|Statue of Abraham & Isaac (Princeton)|
To critique this story, you must do what is required of every sound biblical criticism: understand the context. You can't just read a passage in isolation and pass judgement. You have to ask, "What is the larger context of this story? How does it fit in?" The context includes the rest of the chapter, the rest of the book, and the rest of the bible. It also includes the historical context in which it is written. To get a grasp of this passage, however, all we need is to understand what has happened in Abraham's life until this point.
First, Abraham is called out of his land to travel to a distant land. He is called by God, although we are not told exactly how God communicates with him. We can only deduce that it was very convincing, because Abraham left his home just on the authority of God's voice alone.
Since then, God has radically transformed Abraham's life, making promises to him that were perhaps unbelievable at first, yet (1) were backed-up by the miracles God performed in front of Abraham, and (2) were even at this point beginning to be fulfilled. Most importantly, God promised Abraham a son, from whose seed the entire earth will be blessed. Keep in mind that Abraham was 100 years old, and his wife was not only in her 90s, but had been barren her whole life (she's never had children, despite their trying).
So the existence of Isaac was not only a miracle in and of itself, but it was also the beginning of the fulfillment of a major promise from God. Furthermore, according to God's own, explicitly stated plans, Isaac's life (and his survival until adulthood in order to have children) was really important to God Himself.
All of this must have been in the front of Abraham's mind. God had walked with him for more than 25 years at this point, showing Himself to be a trustworthy God. Abraham knew Isaac was important to God. He must have known his faith was being tested, and he was confident that God would provide.
As a result, Abraham is commended in the New Testament as a model of strong faith.

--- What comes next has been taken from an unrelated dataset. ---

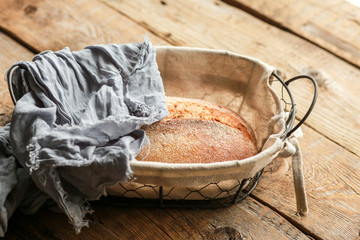 Bread in a basket on a black background. Assorted baking in a metal basket. Place for recipe and text. Background with rolling pin and flour. Rye bread and baguette with seeds. Buckwheat bread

However, usually when we think of Abraham's faith being tested, we think of it as a blind faith. But Abraham's faith was built on nothing less than the miracles he witnessed, as well as the beginning of the fulfillment of the child of promise. No, his faith was not blind, but instead based on evidence. He knew that if God were to fulfill His promises to Abraham, then Isaac could not die (or at least that the God of all creation could overpower death). So he was not blindly jumping off a cliff; he knew there would be a net at the bottom.
The same goes for us today. Our faith, as the bible describes it, is built on the strong and confident trust in Jesus Christ, who has proven Himself to be real and trustworthy, as well as worthy of worship. Universally, the bible does not speak of blind faith, but instead on a faith based on evidence presented to us. The story of Abraham is no different.